-- Task objective --
Find "Redshirt senior Jake" in the listing below, then set down only that line and each later line, unchanged, leaving out pictures.

-- Recorded information --
--*--
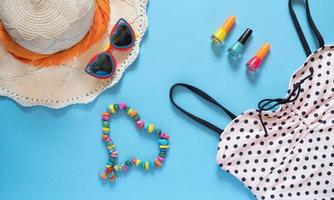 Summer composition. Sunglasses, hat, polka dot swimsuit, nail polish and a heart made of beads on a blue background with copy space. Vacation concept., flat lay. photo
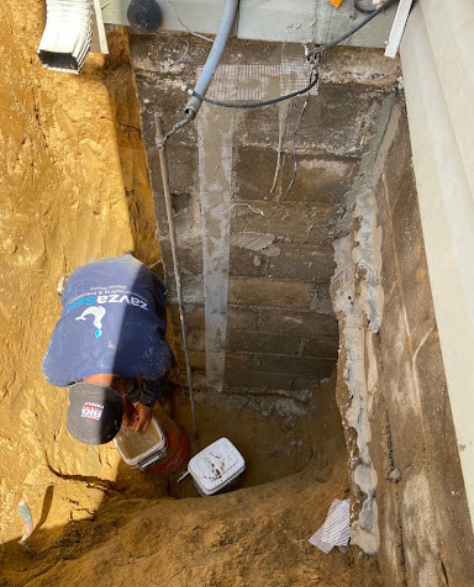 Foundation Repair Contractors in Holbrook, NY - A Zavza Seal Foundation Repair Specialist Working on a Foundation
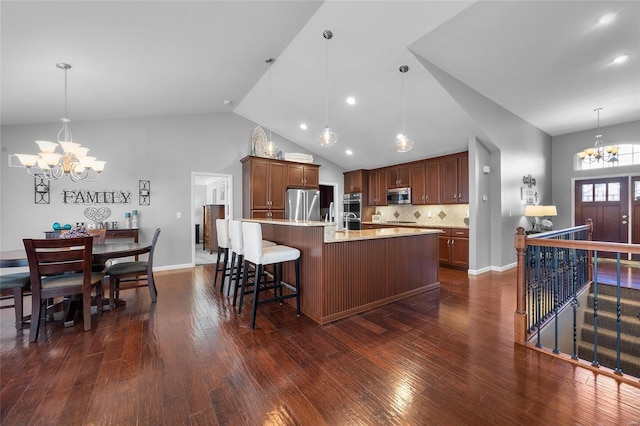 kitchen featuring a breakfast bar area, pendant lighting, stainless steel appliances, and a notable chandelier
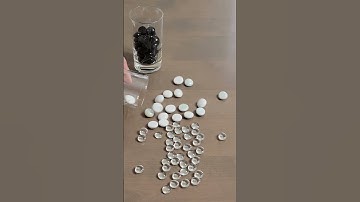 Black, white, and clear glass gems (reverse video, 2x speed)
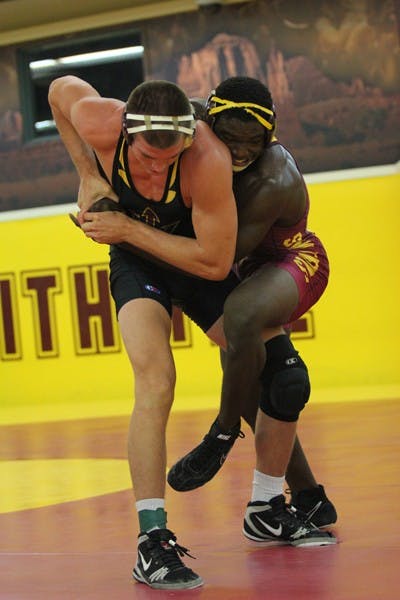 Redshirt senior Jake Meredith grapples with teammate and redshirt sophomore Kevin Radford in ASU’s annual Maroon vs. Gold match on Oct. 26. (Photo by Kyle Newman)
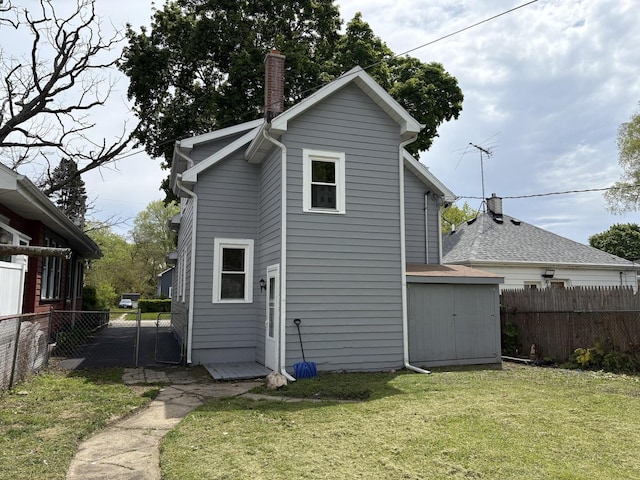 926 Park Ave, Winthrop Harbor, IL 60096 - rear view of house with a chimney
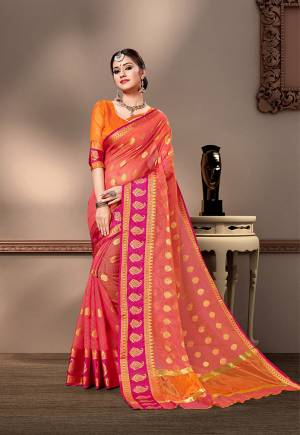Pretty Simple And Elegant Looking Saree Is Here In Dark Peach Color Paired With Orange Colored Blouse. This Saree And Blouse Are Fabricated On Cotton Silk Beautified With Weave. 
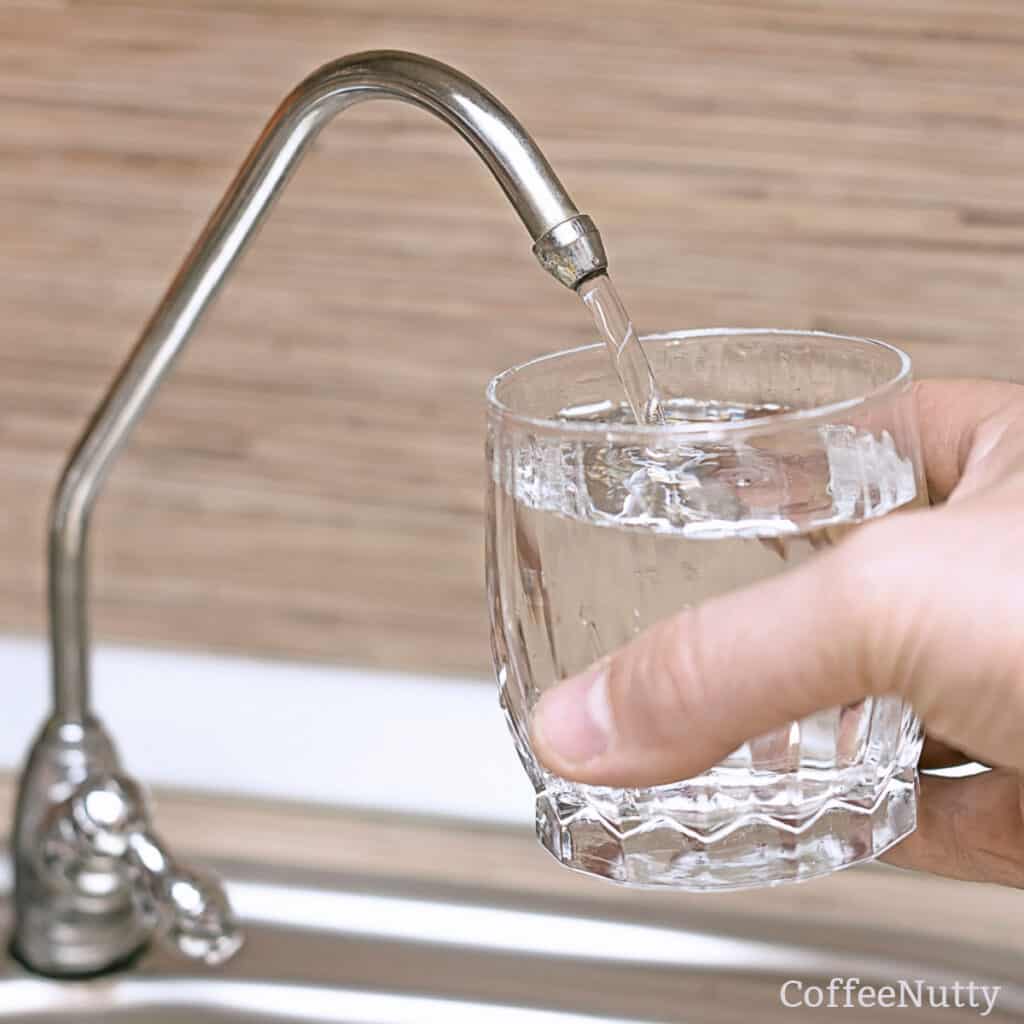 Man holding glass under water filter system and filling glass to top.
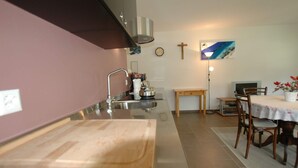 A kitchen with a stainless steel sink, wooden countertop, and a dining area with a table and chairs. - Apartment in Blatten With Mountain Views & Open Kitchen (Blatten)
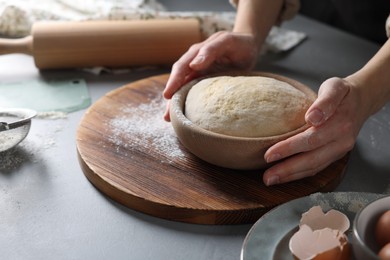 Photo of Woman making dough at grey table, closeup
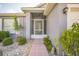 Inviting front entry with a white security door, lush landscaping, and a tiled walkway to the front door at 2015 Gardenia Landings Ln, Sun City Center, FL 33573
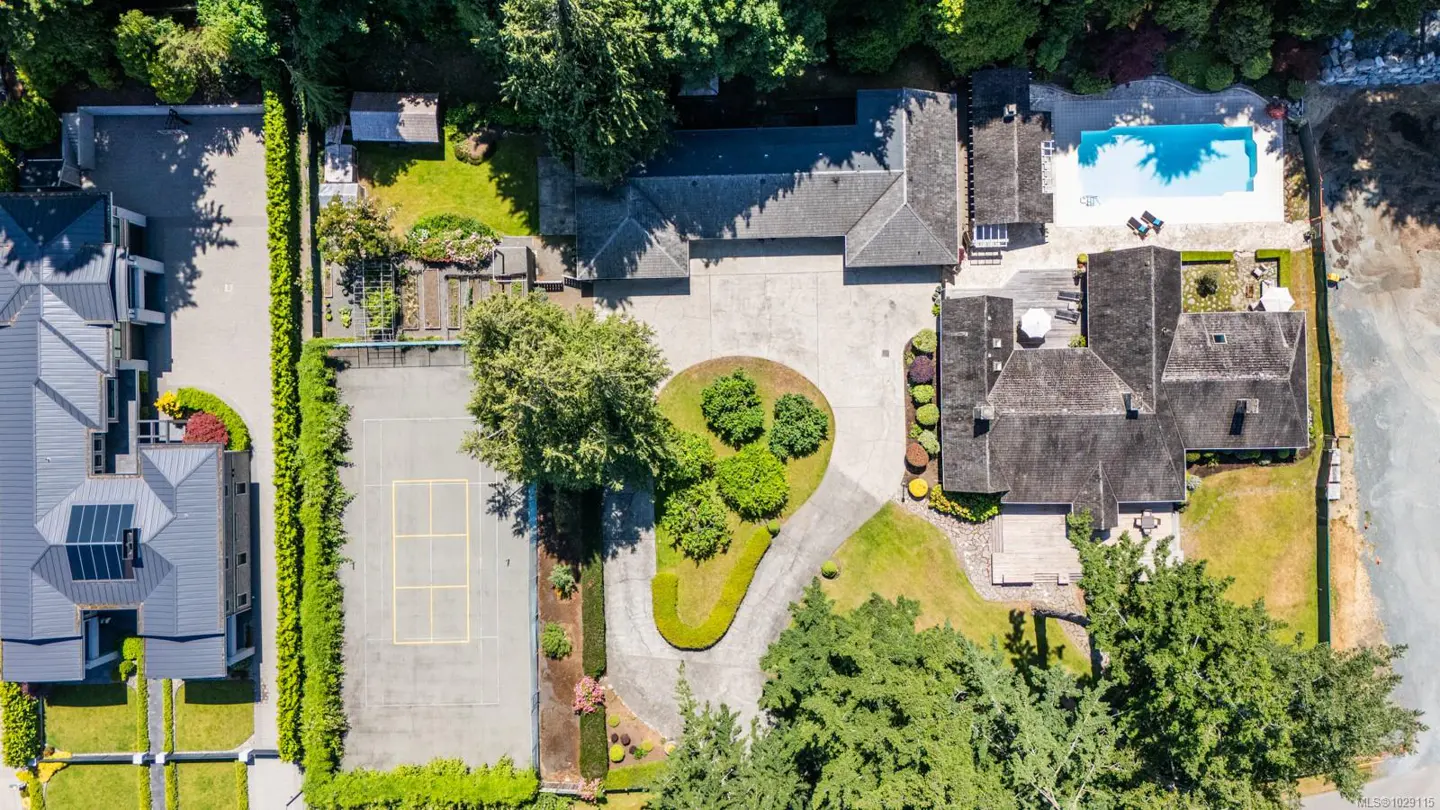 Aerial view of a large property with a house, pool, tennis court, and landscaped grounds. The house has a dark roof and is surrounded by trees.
--*--
-- Completed exercise --
 Redshirt senior Jake Meredith grapples with teammate and redshirt sophomore Kevin Radford in ASU’s annual Maroon vs. Gold match on Oct. 26. (Photo by Kyle Newman)
 926 Park Ave, Winthrop Harbor, IL 60096 - rear view of house with a chimney
Pretty Simple And Elegant Looking Saree Is Here In Dark Peach Color Paired With Orange Colored Blouse. This Saree And Blouse Are Fabricated On Cotton Silk Beautified With Weave. 
 Man holding glass under water filter system and filling glass to top.
 A kitchen with a stainless steel sink, wooden countertop, and a dining area with a table and chairs. - Apartment in Blatten With Mountain Views & Open Kitchen (Blatten)
 Photo of Woman making dough at grey table, closeup
 Inviting front entry with a white security door, lush landscaping, and a tiled walkway to the front door at 2015 Gardenia Landings Ln, Sun City Center, FL 33573
 Aerial view of a large property with a house, pool, tennis court, and landscaped grounds. The house has a dark roof and is surrounded by trees.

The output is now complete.